Blay sintió que su corazón se detenía. En especial cuando Qhuinn levantó a la mujer, le dio la vuelta y la inclinó sobre el escritorio. Le bajó los vaqueros de un tirón y se dispuso a…

Por Dios. ¿Sería posible que su mejor amigo estuviera pensando lo mismo que él?

Pero Qhuinn giró ahora el torso de la mujer hacia su pecho y después de susurrarle algo al oído, ella se rió y colocó la cabeza de modo que él pudiera besarla. Lo cual hizo.

«Maldito idiota», dijo Blay para sus adentros. «Maldito hijo de puta».

Qhuinn sabía exactamente con quién estaba follando… y con quién no.

—John, ¿te importa que me fume un cigarrillo afuera? —preguntó mientras sacudía la cabeza.

Cuando John le dijo que no le importaba, Blay se levantó y dejó la ropa sobre el asiento. Luego le dijo al tipo del tatuaje:

—¿Sólo hay que quitar el cerrojo?

—Sí, y puedes dejarla abierta si te vas a quedar al otro lado.

—Gracias, hermano.

—De nada.

Blay se alejó del zumbido de la pistola de tatuar y de la sinfonía de gruñidos que salían de la cortina, salió del salón y se recostó contra la pared, al lado de la entrada. Sacó un paquete de Dunhill, extrajo un cigarrillo, se lo llevó a los labios y lo encendió con su mechero negro.

La primera calada siempre era gloriosa para él. Siempre era mejor que todas las que seguían.

Expulsó el humo despacio, odiándose por su costumbre de observar retorcidamente las cosas, de ver conexiones inexistentes, de malinterpretar actos, miradas y contactos casuales.

Era patético, en verdad.

Qhuinn no había levantado la vista mientras se la mamaban para mirarlo a él. Estaba vigilando a John Matthew. Y le había dado la vuelta a la mujer y la había penetrado por detrás porque así era como le gustaba hacerlo, no porque estuviese imaginando que lo sodomizaba a él.

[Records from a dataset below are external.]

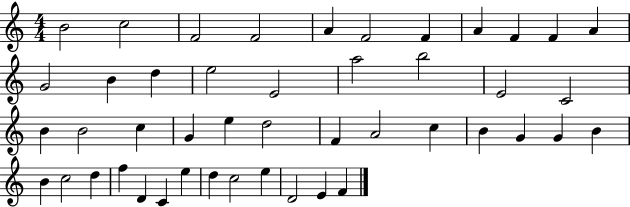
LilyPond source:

{
  \clef treble
  \numericTimeSignature
  \time 4/4
  \key c \major
  b'2 c''2 | f'2 f'2 | a'4 f'2 f'4 | a'4 f'4 f'4 a'4 | \break g'2 b'4 d''4 | e''2 e'2 | a''2 b''2 | e'2 c'2 | \break b'4 b'2 c''4 | g'4 e''4 d''2 | f'4 a'2 c''4 | b'4 g'4 g'4 b'4 | \break b'4 c''2 d''4 | f''4 d'4 c'4 e''4 | d''4 c''2 e''4 | d'2 e'4 f'4 | \break \bar "|."
} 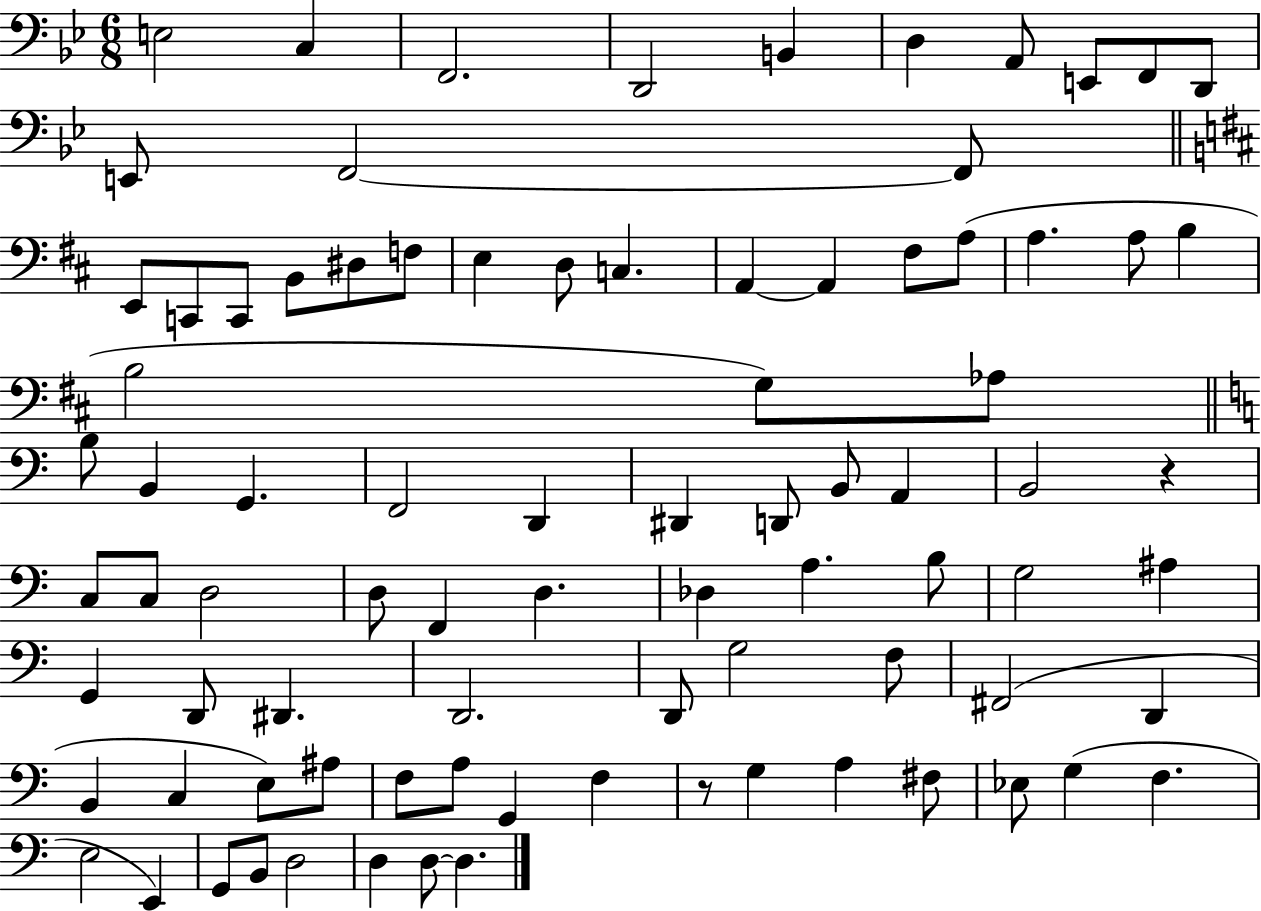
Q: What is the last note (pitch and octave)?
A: D3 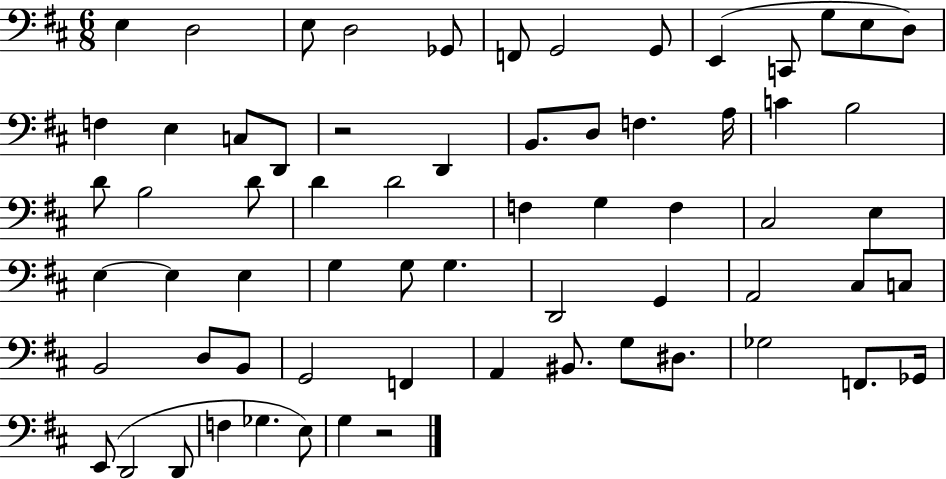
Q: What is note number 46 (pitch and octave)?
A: B2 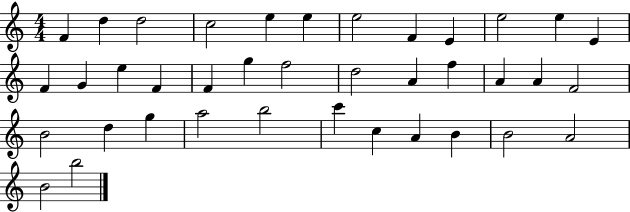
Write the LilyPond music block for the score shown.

{
  \clef treble
  \numericTimeSignature
  \time 4/4
  \key c \major
  f'4 d''4 d''2 | c''2 e''4 e''4 | e''2 f'4 e'4 | e''2 e''4 e'4 | \break f'4 g'4 e''4 f'4 | f'4 g''4 f''2 | d''2 a'4 f''4 | a'4 a'4 f'2 | \break b'2 d''4 g''4 | a''2 b''2 | c'''4 c''4 a'4 b'4 | b'2 a'2 | \break b'2 b''2 | \bar "|."
} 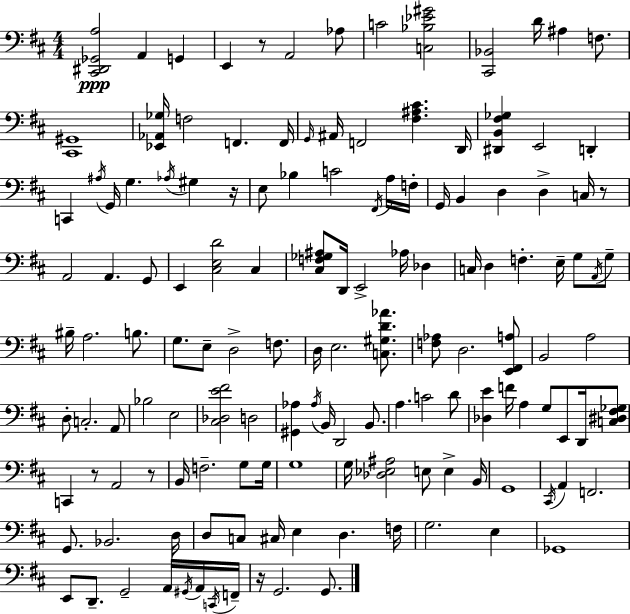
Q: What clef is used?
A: bass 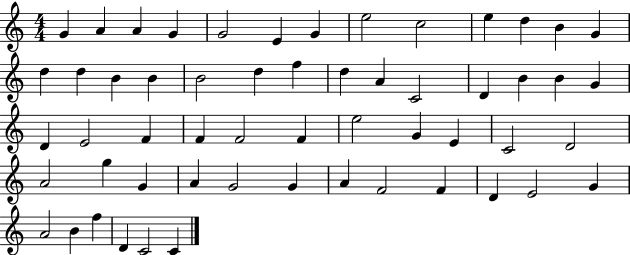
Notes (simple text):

G4/q A4/q A4/q G4/q G4/h E4/q G4/q E5/h C5/h E5/q D5/q B4/q G4/q D5/q D5/q B4/q B4/q B4/h D5/q F5/q D5/q A4/q C4/h D4/q B4/q B4/q G4/q D4/q E4/h F4/q F4/q F4/h F4/q E5/h G4/q E4/q C4/h D4/h A4/h G5/q G4/q A4/q G4/h G4/q A4/q F4/h F4/q D4/q E4/h G4/q A4/h B4/q F5/q D4/q C4/h C4/q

Deseaba que sus esperanzas no fueran eternas, o acabarían aniquilando su sentido común y afectando a su instinto de conservación.

Mientras fumaba con furia contenida, estaba tan absorto en sus propios pensamientos que no vio la sombra que había en la boca del callejón, al otro lado de la calle. Sin darse cuenta de que lo estaban observando, siguió fumando, mientras la noche helada devoraba las volutas de humo que salían de sus labios.

Llegó a la conclusión de que no podía seguir así por más tiempo, y eso le produjo una sensación de frío que le caló hasta los huesos.